Daher’s methodology that focuses on the discourses of Hezbollah, its supporters, and critics can be problematic, given the inevitable discrepancy between rhetoric and practice. One example is Hezbollah’s and its public’s views of Salafi jihadists. According to Daher, Hezbollah and its supporters distinguish between ‘takfiri terrorists,’ radical jihadis who consider Shiites outside Islam, and the rest of Sunni Muslims. However, when it comes to Hezbollah’s actions, it seems that they do not differentiate between those who belong to the takfiri group and ordinary Sunnis. Particularly, Hezbollah’s support for the Assad regime that has been using violence against armed rebels and civilian opponents of the government alike indicates a different picture. Apart from that, the IRL fighters in the ranks of the Syrian regime reportedly committed atrocities, including killing, torture, and looting against Syrian civilians, the majority of whom were Sunnis.
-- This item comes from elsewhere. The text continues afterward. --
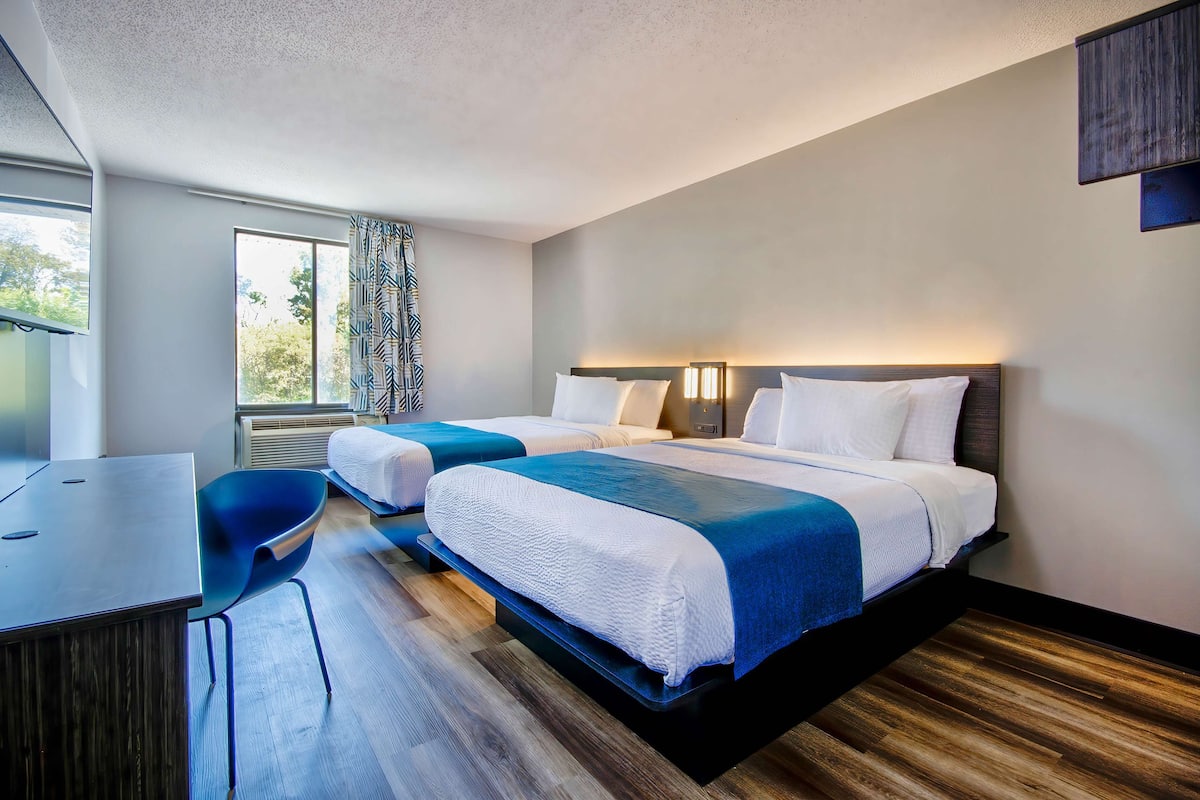 Blackout drapes, WiFi, bed sheets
The organization and its supporters would, indeed, deny such accusations. Daher (pp. 276-78) explains some of these accusations in the case of the May 2013 Battle of Qusayr and how the Hezbollah leadership denied them. However, she does not draw any conclusions regarding the accuracy of the accusations.
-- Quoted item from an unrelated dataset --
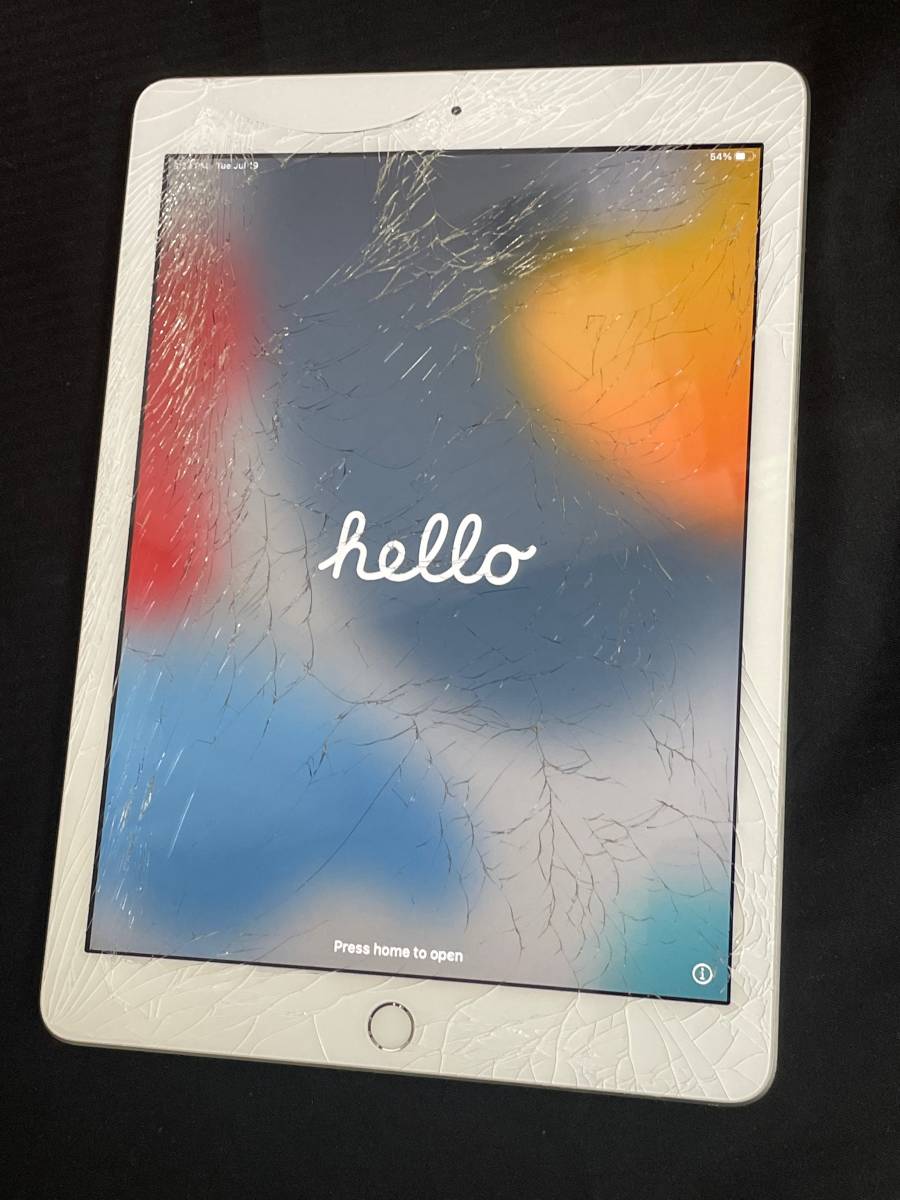 Apple iPad 6世代 32GB Wi-Fi A1893(MR7G2J/A) シルバー 動作品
Another issue with Daher’s book is its placing of Hezbollah outside of political Islamism. The fact that Hezbollah’s leadership ceased to demand an Islamic regime in Lebanon at the end of the 1980s for practical reasons such as the low level of support for an Islamic republic among the Lebanese society may mean that they gave up on that agenda or that they merely suspended it to an appropriate time when they will be able to pursue it. In other words, the shift may be tactical rather than strategic and ideological. Besides, a movement named Hezbollah, literally the ‘Party of Allah,’ which justifies its actions with Islamic references, educates its recruits in Islamic schools, and mobilizes among an exclusively Shiite community, adopts the ‘wilayah al-faqih’ doctrine of Khomeini, and accepts the Iranian Supreme Leader, Khamenei as its religious authority, ‘marja,’ can hardly be considered non-Islamist. Moreover, not all political Islamists have strived to establish an Islamic government through a revolution. The Muslim Brotherhood movements across the region, for example, also view some conditions before achieving an Islamic form of governance. Until the right time comes, they content themselves with participating in the ‘secular’ government through elections.
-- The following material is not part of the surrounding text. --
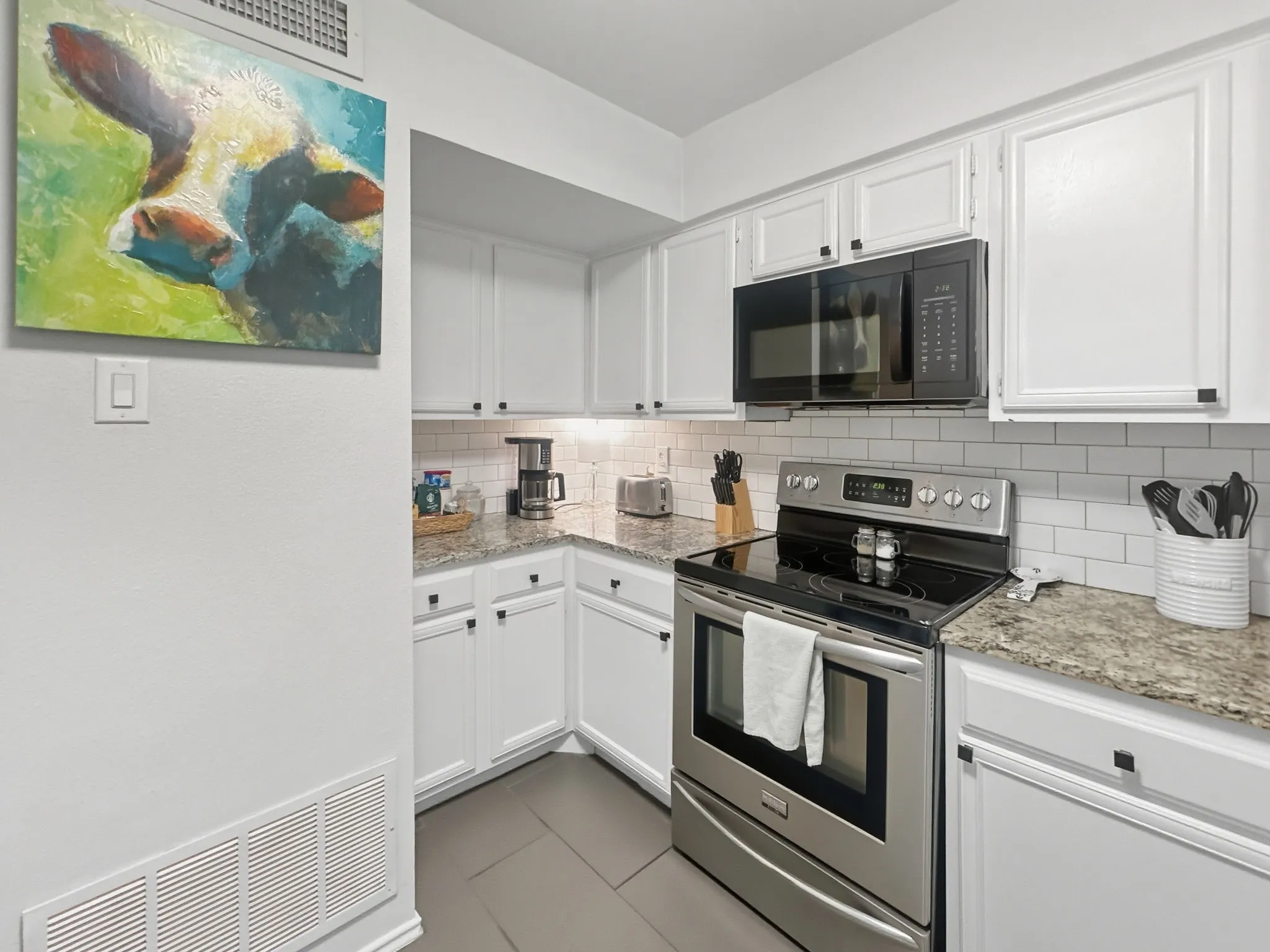 Condominium For Rent in Dallas County , 15151 Berry Trail 601, Dallas, Texas 75248, 2 Bedroom, 2 Bathroom, Garage spaces, 1,135 Sqft, built in 1980, Price $1,950, mls#21301069, Real Estate Agent in Dallas, Homes For Rent in Dallas county, Homes For Rent in Dallas, Realtor in Dallas Texas, Real Estate Brokerage Independent Realty Texas, Luminita Cordes Realtor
In sum, with its de-securitized approach, rich content, agent-oriented methodology, and extensive research, the book is a valuable contribution to the literature on non-state actors in the Middle East. On the other hand, its very methodology presents Hezbollah through its propaganda instead of how an external observer would evaluate it. Conceptualization of Islamism is another problematic issue in the book, which makes Hezbollah a non-Islamist movement. Amid protests in Iraq, Lebanon, and Iran, “Hezbollah: Mobilization and Power” offers valuable insights and knowledge regarding the so-called axis of resistance in the Middle East.

[1] Aurélie Daher is an assistant professor at Université Paris-Dauphine/PSL Research University, Paris, and Sciences Po, Paris. She focuses on Shia politics in the Middle East, in general, and in Lebanon, in particular. She also studies the implications of jihadism in European societies.